Repeat the listing exactly as given, omitting every image.

====

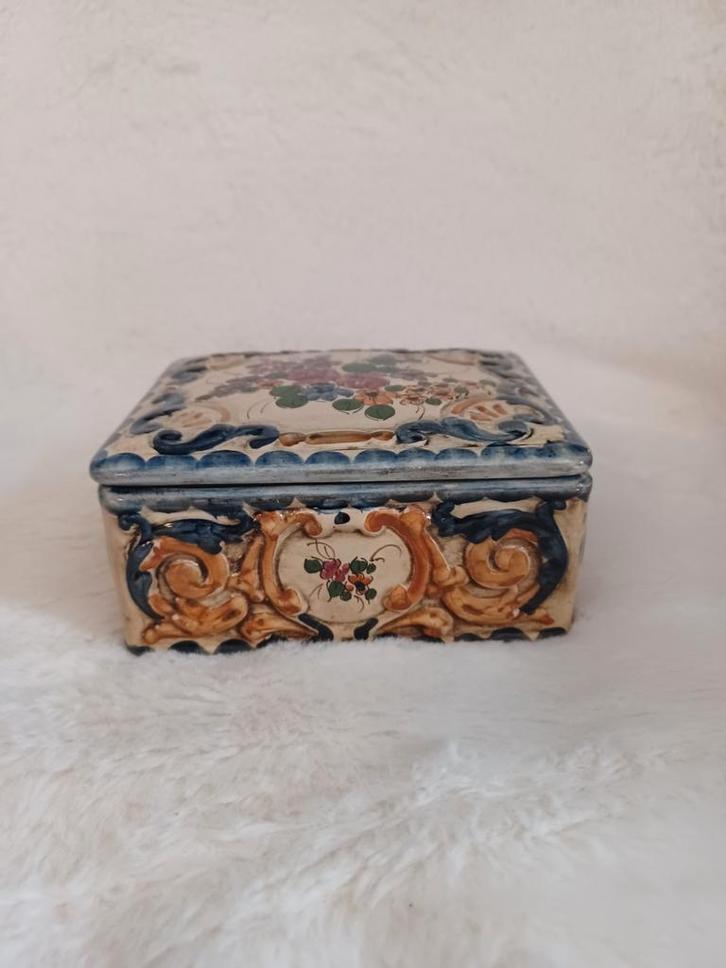 Keramieken Sieradendoosje met Bloemmotief, Antiek en Kunst, Antiek | Woonaccessoires, Ophalen of Verzenden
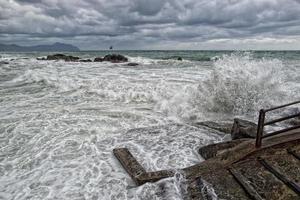 tempête de mer tempête sur les rochers photo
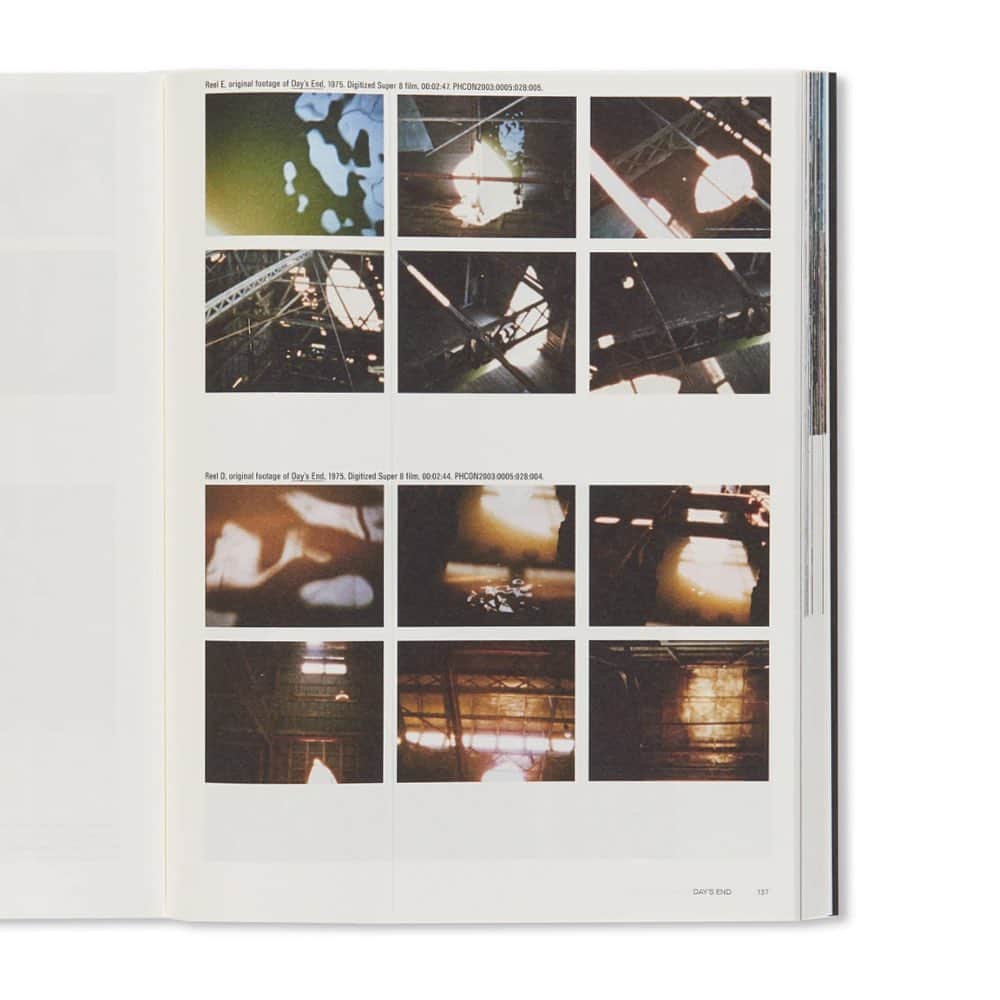 のインスタグラム：「CP138 GORDON MATTA-CLARK: READINGS OF THE ARCHIVE by Gordon Matta-Clark  アメリカ人アーティスト、ゴードン・マッタ=クラーク（Gordon Matta-Clark）の作品集。カナダ建築センター（CCA）に所蔵されている作者の包括的な作品コレクションを様々な視点から読み解く一冊。美術評論家でありキュレーターのヤン・シャテニエ（Yann Chateigné）は、作者の所蔵作品に対し、その思考の痕跡、たとえば描かれたものや書かれた文章などを収集するための「枠」として、錬金術から精神分析まで、様々な研究領域において再編成する。キュレーターであり映像作家のヒラ・ペレグ（Hila Peleg）は、廃棄されたフィルムの映像を長い時間をかけて再構成し、記録と復元という概念に挑む。キュレーターのキティ・スコット（Kitty Scott）は、何百枚にもわたる旅の写真から作者の周囲の世界を視覚的なパノラマで構築する。2019年6月6日から2020年8月2日まで同施設で開催された展覧会に伴い刊行。  In mid-1969, Matta-Clark moved to New York City and his early projects involved transformations such as Photo-Fry (1969), Agar (1969-1970), Garbage Wall (1970), and Time Well (1971). He began executing building interventions in 1971 when he cut walls in a loft in New York City to create Sauna (1971) and at the Museo de Bellas Artes in Santiago where he made an untitled wall cutting (1971). Throughout the following years of his major building cuts, Matta- Clark continued to explore other aspects of cities and their structures. This book unpacks the comprehensive Gordon Matta-Clark collection at the CCA Montréal, opening it up to provisional readings from different points of view. Yann Chateigné reorganizes Matta- Clark’s library into areas of inquiry, from alchemy to psychoanalysis, as a framework for gathering traces— written and drawn—of his thinking. Hila Peleg reassembles hours of discarded film footage, challenging the notion of documentation and returning. Published on the occasion of the exhibition at the Canadian Centre for Architecture, Montréal, 6 June 2019 – 2 August 2020.  by Gordon Matta-Clark  We began to order in easy way for oversea customers. Please check it. https://sister-tokyo.com  #twelvebooks #sister_tokyo #gordonmattaclark」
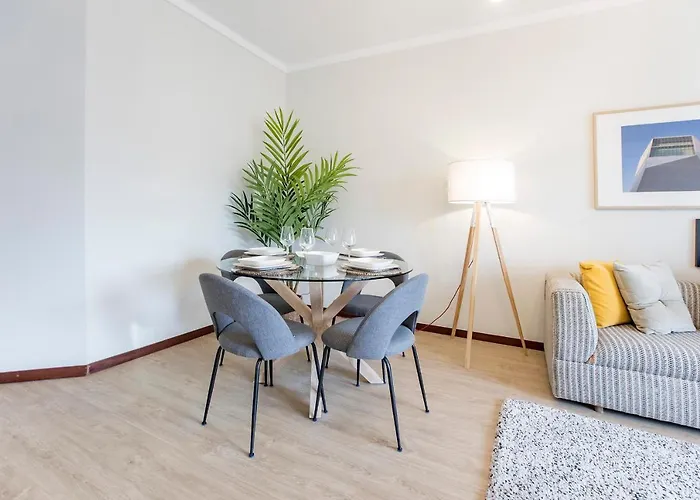 Apartment 2br Flat In Bonfim W/ Ac & Balcony By Lovelystay Porto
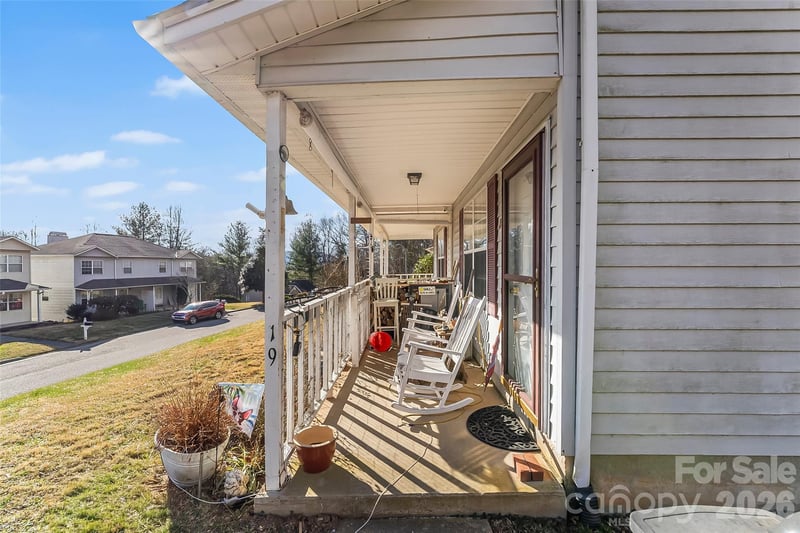 19 Rocking Porch Rd, Asheville, NC 28805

====

▶ Result
 Keramieken Sieradendoosje met Bloemmotief, Antiek en Kunst, Antiek | Woonaccessoires, Ophalen of Verzenden
 tempête de mer tempête sur les rochers photo
 のインスタグラム：「CP138 GORDON MATTA-CLARK: READINGS OF THE ARCHIVE by Gordon Matta-Clark  アメリカ人アーティスト、ゴードン・マッタ=クラーク（Gordon Matta-Clark）の作品集。カナダ建築センター（CCA）に所蔵されている作者の包括的な作品コレクションを様々な視点から読み解く一冊。美術評論家でありキュレーターのヤン・シャテニエ（Yann Chateigné）は、作者の所蔵作品に対し、その思考の痕跡、たとえば描かれたものや書かれた文章などを収集するための「枠」として、錬金術から精神分析まで、様々な研究領域において再編成する。キュレーターであり映像作家のヒラ・ペレグ（Hila Peleg）は、廃棄されたフィルムの映像を長い時間をかけて再構成し、記録と復元という概念に挑む。キュレーターのキティ・スコット（Kitty Scott）は、何百枚にもわたる旅の写真から作者の周囲の世界を視覚的なパノラマで構築する。2019年6月6日から2020年8月2日まで同施設で開催された展覧会に伴い刊行。  In mid-1969, Matta-Clark moved to New York City and his early projects involved transformations such as Photo-Fry (1969), Agar (1969-1970), Garbage Wall (1970), and Time Well (1971). He began executing building interventions in 1971 when he cut walls in a loft in New York City to create Sauna (1971) and at the Museo de Bellas Artes in Santiago where he made an untitled wall cutting (1971). Throughout the following years of his major building cuts, Matta- Clark continued to explore other aspects of cities and their structures. This book unpacks the comprehensive Gordon Matta-Clark collection at the CCA Montréal, opening it up to provisional readings from different points of view. Yann Chateigné reorganizes Matta- Clark’s library into areas of inquiry, from alchemy to psychoanalysis, as a framework for gathering traces— written and drawn—of his thinking. Hila Peleg reassembles hours of discarded film footage, challenging the notion of documentation and returning. Published on the occasion of the exhibition at the Canadian Centre for Architecture, Montréal, 6 June 2019 – 2 August 2020.  by Gordon Matta-Clark  We began to order in easy way for oversea customers. Please check it. https://sister-tokyo.com  #twelvebooks #sister_tokyo #gordonmattaclark」
 Apartment 2br Flat In Bonfim W/ Ac & Balcony By Lovelystay Porto
 19 Rocking Porch Rd, Asheville, NC 28805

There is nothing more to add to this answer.